Uçar birlik harekâtının en önemli hava aracı UH-1H helikopteri
Dost atışıyla batırılan TGC Kocatepe’nin hikayesi sanırım merak edilenler arasında ilk sırada geliyor. Bundan sonraki süreçte Kıbrıs Barış Harekâtı’na ilişkin farklı bir çalışma daha görecek miyiz?
Levent Başara: Serhat’da ben de Türk askeri havacılığı konusunda araştırmalar yapıyoruz. Dolayısıyla Kıbrıs Barış Harekâtı’nı da sadece hava kuvvetleri cephesinden inceledik. Daha önce böyle bir çalışma kimse tarafından yapılmamış. Biz 3 yıl önce bu röportaj serisine başladığımızda emekli havacılarımızın kapısını kimsenin çalmadığını fark ettik. Şu an da nakliyeci, helikopterci ve savaş pilotu olmak üzere yaklaşık 115 kişiyle görüştük. Bu kadar büyük bir malzemeyi tek kitapta toplamak istemedik ve böldük. Birinci kitapta harekâtın ilk gününü anlattık. Şu anda üzerinde çalıştığımız kitapta da yakın hava desteğini anlatacağız. Bu kitap birkaç ay içinde bitecek. Bu kitapta 20 Temmuz’dan sonraki 3 günde doğrudan harekâta katılan çoğunlukla F-100 kullanmış pilotlarımızın anılarını anlatacağız. F-100 uçaklarına özellikle önem vereceğiz çünkü o dönemde o uçaklar ve deneyimli pilotlarımız olmasaydı işimiz biraz zor olurdu diye düşünüyorum. Yine F-5 ve F-104 filolarımız da kitapta bahsedilenler arasında olacak. Üçüncü kitapta ise TCG Kocatepe’nin vurulmasını anlatacağız çünkü bu olay öncesi ve sonrasıyla başlı başına bir kitap konusu.

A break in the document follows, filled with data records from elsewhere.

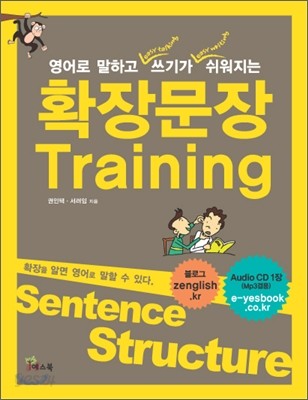 확장문장 Training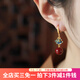 伊黛兒朱砂銀耳環(huán)女新中式國風新款耳墜耳飾情人節(jié)禮物送老婆女友媽媽 925銀朱砂耳鉤E3848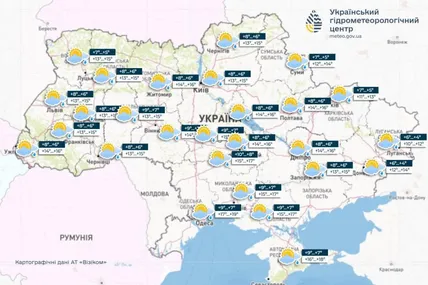 Фото: Укргідрометцентр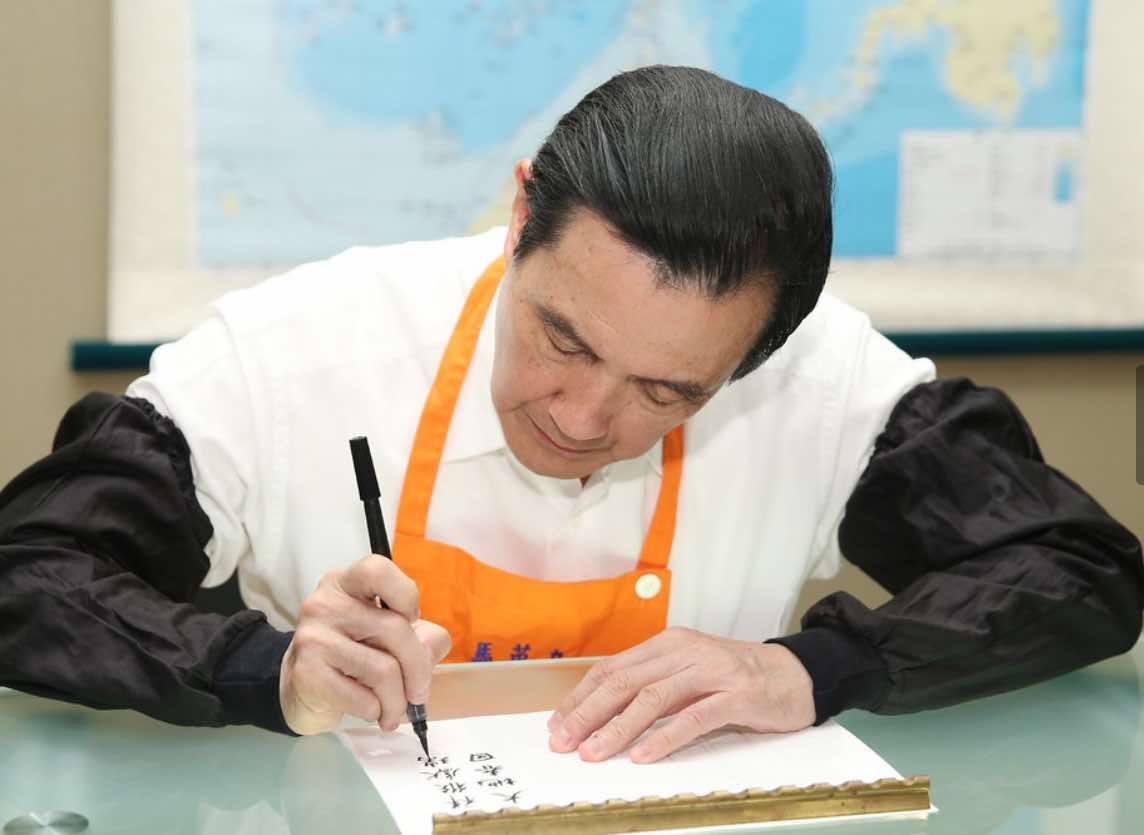 ▼馬英九揮毫寫總統春聯。（圖／總統府提供）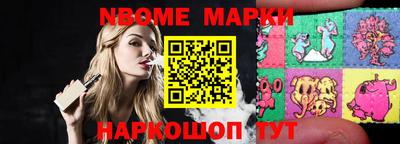 амфетамин Кимры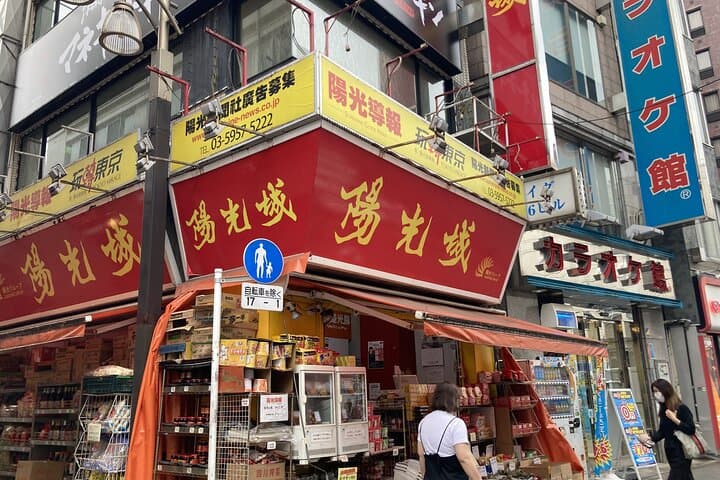 Ikebukuro Chinese Supermarket Tour and Local Gourmet Tour — photo 2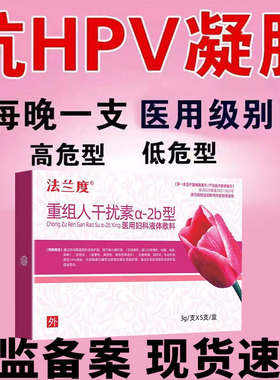 HPV抗病毒专用HPV病毒干扰素凝胶重组人工干扰素b2蛋白敷料ab2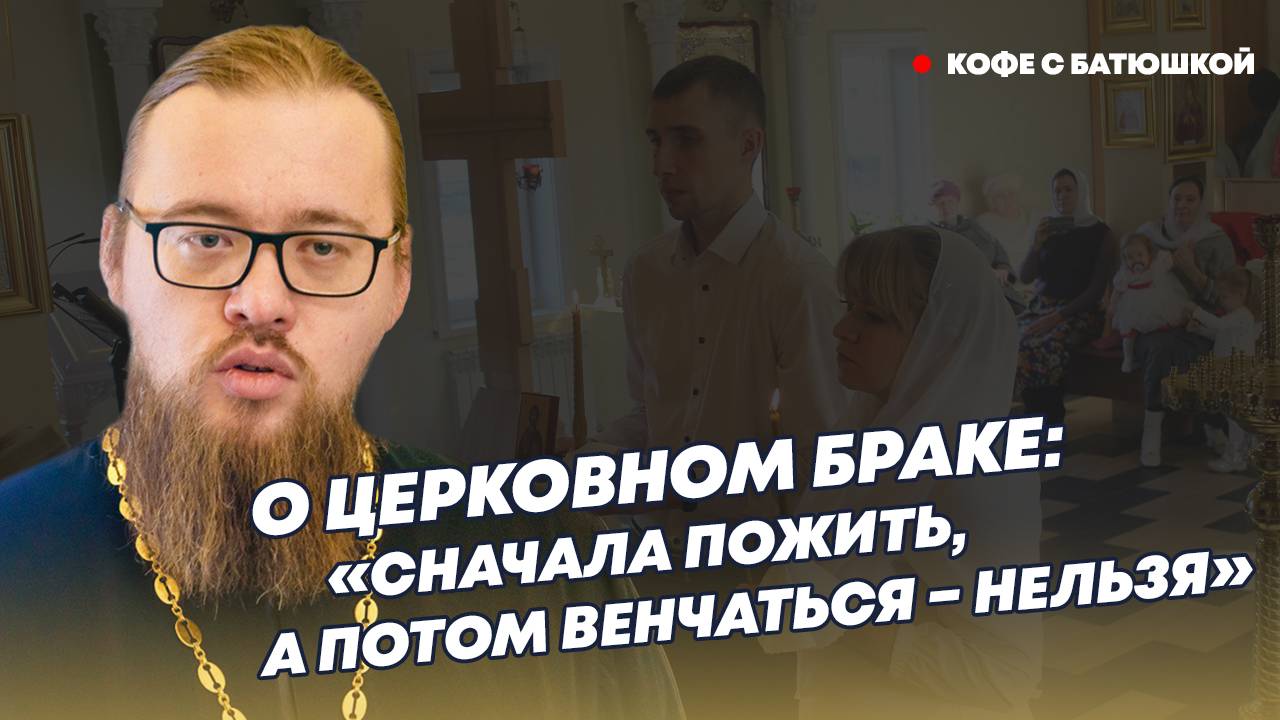 Венчаться сразу или пару лет подождать_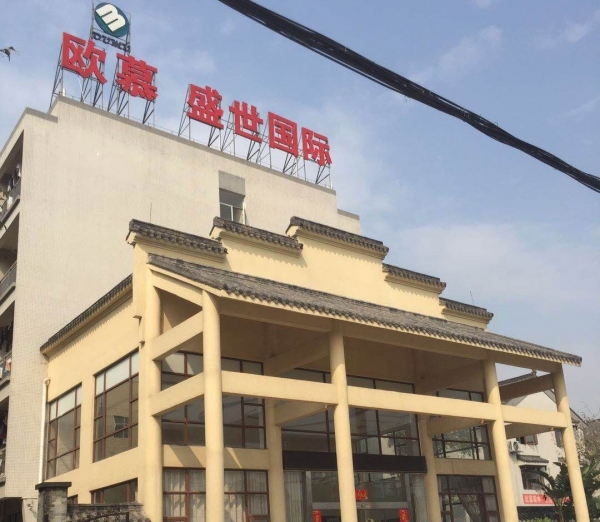 為什么說企業使用勞務外包可以降低成本?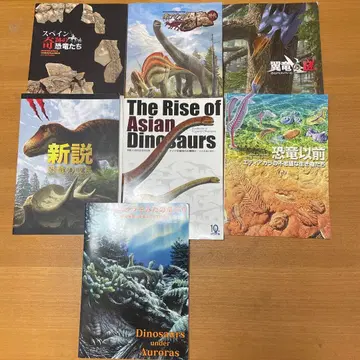 [레어] 후쿠이현립 공룡 박물관 특별전 도록 도감 서적 7권 세트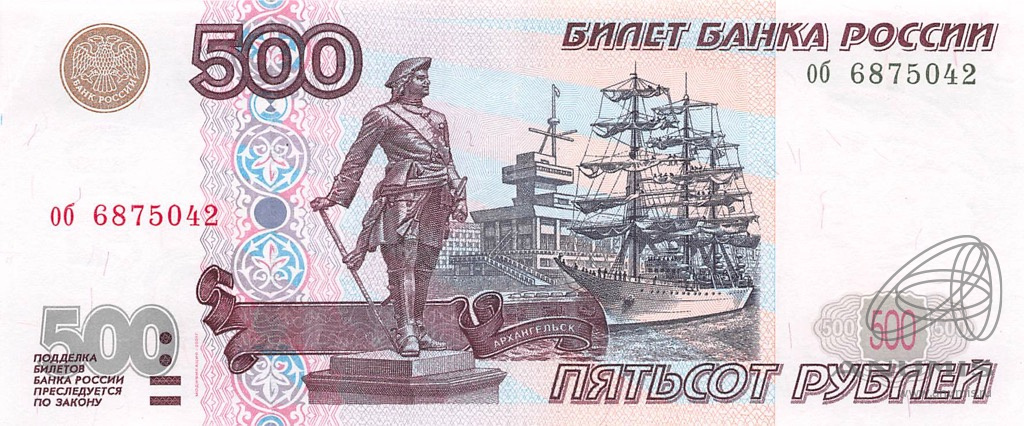 500 рублей 2001 зл-яя — Обр. 1997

Serhat Güvenç: Tüm bu çalışma sırasında sadece pilotlarla değil, harekât döneminde Kıbrıs’ta yaşamış ve olayalara şahitlik etmiş 100’ü aşkın insanla görüştük. İlk kitapta bunun bir kısmını yayınladık ve ilk kitabın ardından harekâtta görev yapmış olan bizim konuşmadığımız personelden de bize dönüş yapanlar oldu. Yani tüm seri için 110 ila 120 insanla görüştük denebilir ve bu görüşmeleri kapsayan çalışmalarımızı yayınlamaya devam edeceğiz.